Nos 10 anos do incêndio que matou 242 jovens na boate Kiss, em Santa Maria, a Netflix lançou a minissérie Todo Dia a Mesma Noite, adaptação do livro homônimo publicado pela jornalista Daniela Arbex em 2018. Como se trata de uma versão ficcional, uma dramatização com atores e as chamadas liberdades artísticas — incluindo a mudança de nome dos personagens e da banda que, durante seu show na casa noturna, deu início à tragédia (a Gurizada Fandangueira virou Guapos Baladeiros) —, a produção virou alvo de queixas antes mesmo de estrear. Seria uma exploração do sofrimento em nome do entretenimento?
Em entrevistas, Arbex e a diretora geral da minissérie, Júlia Rezende — responsável pelas comédias da TV e do cinema Meu Passado me Condena (2012-2015) e pela série de drama e romance Coisa Mais Linda (2019-2020) —, vêm ressaltando que foram muito "cuidadosas" na hora de decidir o quê e como mostrar e afirmando a importância de não esquecer.
— Não falar é o que causa dor. Não falar é que permite que outras tragédias como essa aconteçam no Brasil — diz Arbex.
Sobrevivente da Kiss, a terapeuta ocupacional Kelen Ferreira, que teve 18% do corpo queimado e o pé direito amputado, faz coro.
— A história precisa ser contada para que as pessoas não esqueçam e para que não aconteça novamente — disse em entrevista à Rádio Gaúcha Kelen, 26 anos, que inspira a personagem Grazi, interpretada pela atriz e modelo mineira Paola Antonini (ela também vítima de uma amputação: perdeu a perna esquerda após ser atropelada por uma motorista embriagada).

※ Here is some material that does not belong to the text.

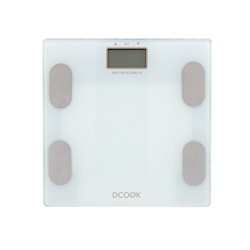 Dcook glas digital badrumsvåg 30x30x2 cm vit med fettmätare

A prática está afinada com o discurso. Não é que Todo Dia a Mesma Noite abra mão de cenas fortes, música sentimental, choro e desespero — afinal, estamos diante de uma das cinco grandes tragédias da história do Brasil e do terceiro maior desastre em casas noturnas no mundo. Mas percebe-se, nos seus cinco episódios, um respeito na abordagem, a começar pela decisão de não gravar em Santa Maria — a cidade aparece apenas em imagens aéreas. Tirando algumas locações em Bagé e Porto Alegre, os cenários foram montados fora do Rio Grande do Sul. Aliás, a maioria do elenco não é gaúcha, mas os atores e as atrizes passaram por um trabalho de prosódia para incorporar regionalismos — que não raro soam deslocados, forçados, exagerados.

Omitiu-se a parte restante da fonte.